On May 31, 2006, she completed a 15-year run as co-anchor of NBC News’ “Today” show.
Couric has received many honors and awards for her work in journalism, including numerous Emmy Awards, the Edward R. Murrow Award for Best Newscast in 2008 and 2009, the Walter Cronkite Award for Special Achievement in 2009, and the Al Neuharth Award for Excellence in the Media in 2009. In 2010, Couric was awarded an Alfred I. duPont Award for her 2008 interview with Republican vice presidential candidate Sarah Palin. The “CBS Evening News with Katie Couric” received a second duPont for the series, “Children of the Recession.” She is the author of New York Times best-seller “The Best Advice I Ever Got: Lessons From Extraordinary Lives.”
A tireless advocate for cancer detection and treatment, Couric is co-founder of Stand Up To Cancer, co-founder of the National Colorectal Cancer Research Alliance with the Entertainment Industry Foundation and Lilly Tartikoff, and founder of the Jay Monahan Center for Gastrointestinal Health at NewYork-Presbyterian Hospital/Weill Cornell Medical Center.
Couric hasn’t been a stranger to Grounds since her graduation. For a “Today” show segment in 2001, she visited then-President John T. Casteen III, stopped in her Lawn room, No. 26, and chatted with students and signed autographs. In 2008, she attended the groundbreaking for the Emily Couric Clinical Cancer Center, named for her sister, the late Virginia State Sen.
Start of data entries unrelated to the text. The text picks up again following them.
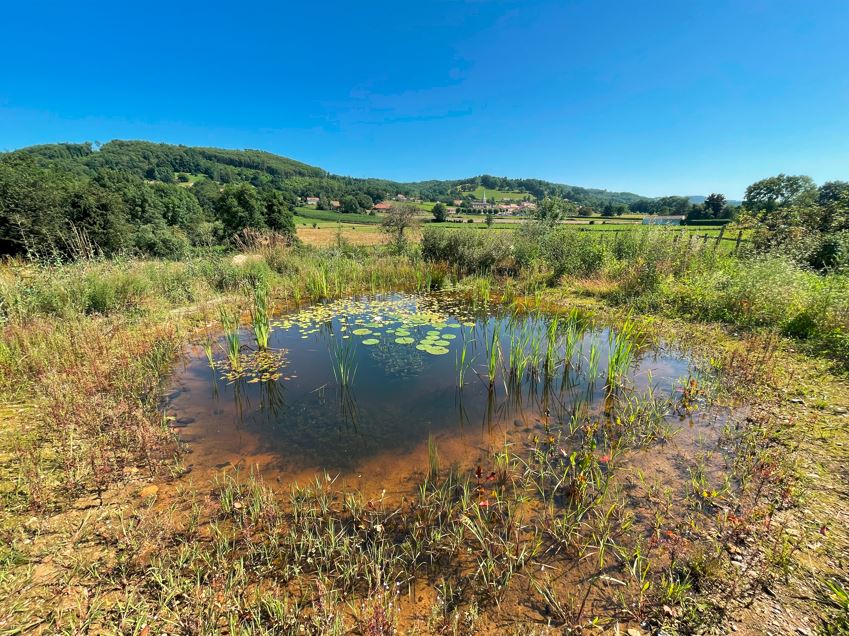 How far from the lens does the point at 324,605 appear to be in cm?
181

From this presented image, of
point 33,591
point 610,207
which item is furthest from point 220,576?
point 610,207

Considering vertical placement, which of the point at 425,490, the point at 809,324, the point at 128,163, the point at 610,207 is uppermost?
the point at 128,163

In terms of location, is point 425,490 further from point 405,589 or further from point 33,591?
point 33,591

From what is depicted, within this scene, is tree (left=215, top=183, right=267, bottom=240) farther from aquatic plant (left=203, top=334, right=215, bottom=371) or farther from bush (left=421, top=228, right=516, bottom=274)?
aquatic plant (left=203, top=334, right=215, bottom=371)

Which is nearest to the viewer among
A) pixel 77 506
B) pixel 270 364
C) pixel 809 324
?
pixel 77 506

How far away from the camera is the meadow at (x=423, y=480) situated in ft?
6.21

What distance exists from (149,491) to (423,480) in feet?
7.82

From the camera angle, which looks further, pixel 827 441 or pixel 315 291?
pixel 315 291

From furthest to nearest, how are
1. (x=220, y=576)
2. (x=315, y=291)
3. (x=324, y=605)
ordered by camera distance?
(x=315, y=291) → (x=220, y=576) → (x=324, y=605)

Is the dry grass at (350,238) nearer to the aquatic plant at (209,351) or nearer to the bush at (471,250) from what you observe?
the bush at (471,250)

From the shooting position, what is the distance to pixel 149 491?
2736 mm

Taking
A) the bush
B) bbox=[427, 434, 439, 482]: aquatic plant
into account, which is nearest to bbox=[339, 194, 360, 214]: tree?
the bush

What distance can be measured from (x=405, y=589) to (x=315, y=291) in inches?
340

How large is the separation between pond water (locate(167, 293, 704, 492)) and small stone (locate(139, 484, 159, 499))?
1.03ft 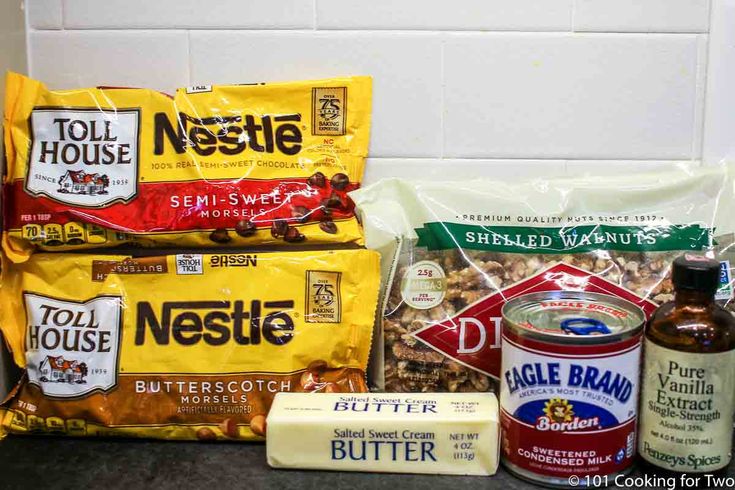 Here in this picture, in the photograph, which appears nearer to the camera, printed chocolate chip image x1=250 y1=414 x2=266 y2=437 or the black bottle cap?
the black bottle cap

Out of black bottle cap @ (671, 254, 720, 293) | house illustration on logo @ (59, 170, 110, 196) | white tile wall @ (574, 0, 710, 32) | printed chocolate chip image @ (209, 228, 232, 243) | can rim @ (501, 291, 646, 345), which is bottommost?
can rim @ (501, 291, 646, 345)

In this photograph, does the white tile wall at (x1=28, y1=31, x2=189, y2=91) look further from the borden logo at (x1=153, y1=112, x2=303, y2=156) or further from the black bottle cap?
the black bottle cap

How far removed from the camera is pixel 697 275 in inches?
28.8

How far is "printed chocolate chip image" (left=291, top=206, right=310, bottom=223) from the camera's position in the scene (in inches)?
35.3

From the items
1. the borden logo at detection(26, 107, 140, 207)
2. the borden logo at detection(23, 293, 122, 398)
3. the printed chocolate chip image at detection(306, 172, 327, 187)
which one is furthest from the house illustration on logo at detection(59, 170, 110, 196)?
the printed chocolate chip image at detection(306, 172, 327, 187)

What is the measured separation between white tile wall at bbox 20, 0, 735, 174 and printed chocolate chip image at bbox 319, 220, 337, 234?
0.34 ft

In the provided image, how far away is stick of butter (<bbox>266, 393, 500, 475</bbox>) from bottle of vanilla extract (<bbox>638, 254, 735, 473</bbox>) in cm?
16

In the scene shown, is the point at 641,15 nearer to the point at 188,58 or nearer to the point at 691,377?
the point at 691,377

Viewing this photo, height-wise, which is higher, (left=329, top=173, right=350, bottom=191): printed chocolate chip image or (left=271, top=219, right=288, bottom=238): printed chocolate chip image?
(left=329, top=173, right=350, bottom=191): printed chocolate chip image

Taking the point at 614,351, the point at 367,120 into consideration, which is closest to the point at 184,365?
the point at 367,120

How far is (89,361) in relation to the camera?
880mm

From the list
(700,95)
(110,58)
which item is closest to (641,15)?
(700,95)

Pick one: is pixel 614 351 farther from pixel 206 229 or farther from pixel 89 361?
pixel 89 361

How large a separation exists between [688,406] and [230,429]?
1.61ft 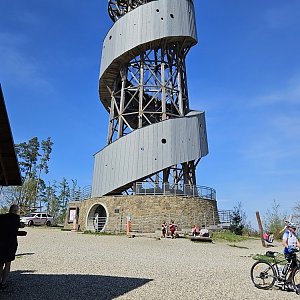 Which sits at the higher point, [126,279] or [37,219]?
Result: [37,219]

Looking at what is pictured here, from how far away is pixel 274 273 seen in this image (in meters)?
6.41

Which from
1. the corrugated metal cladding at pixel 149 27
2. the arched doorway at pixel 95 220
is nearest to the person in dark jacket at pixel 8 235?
the arched doorway at pixel 95 220

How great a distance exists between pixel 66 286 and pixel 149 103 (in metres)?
17.7

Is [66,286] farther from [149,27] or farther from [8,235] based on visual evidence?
[149,27]

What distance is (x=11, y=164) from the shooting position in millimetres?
6367

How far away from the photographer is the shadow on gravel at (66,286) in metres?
5.29

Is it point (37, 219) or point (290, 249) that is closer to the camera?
point (290, 249)

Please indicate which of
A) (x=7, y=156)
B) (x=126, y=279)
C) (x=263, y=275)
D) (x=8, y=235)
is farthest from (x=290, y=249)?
(x=7, y=156)

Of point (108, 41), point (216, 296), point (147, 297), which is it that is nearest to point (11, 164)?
point (147, 297)

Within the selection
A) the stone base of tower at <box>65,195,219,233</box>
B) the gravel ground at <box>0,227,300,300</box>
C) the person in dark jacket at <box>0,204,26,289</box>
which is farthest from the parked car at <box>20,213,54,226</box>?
the person in dark jacket at <box>0,204,26,289</box>

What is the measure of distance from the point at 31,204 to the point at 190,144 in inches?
1018

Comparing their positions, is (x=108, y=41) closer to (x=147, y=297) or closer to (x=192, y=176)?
(x=192, y=176)

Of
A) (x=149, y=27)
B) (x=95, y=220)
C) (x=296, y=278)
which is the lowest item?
(x=296, y=278)

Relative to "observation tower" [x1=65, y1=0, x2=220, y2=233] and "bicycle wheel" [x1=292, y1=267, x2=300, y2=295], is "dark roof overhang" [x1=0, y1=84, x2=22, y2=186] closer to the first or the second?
"bicycle wheel" [x1=292, y1=267, x2=300, y2=295]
Emily Couric, who died from pancreatic cancer in 2001. She spoke at the dedication of the center in February of 2011. In 2009, Couric brought her Flip Cam to document her 30th reunion and posted a video on YouTube.
Couric spoke at Valedictory Exercises in 1992, and in 1993 she received the Distinguished Alumna Award from the UVa Women’s Center. An oral history of her time at UVa is archived in the Albert and Shirley Small Special Collections Library.
She lives in New York with her two daughters.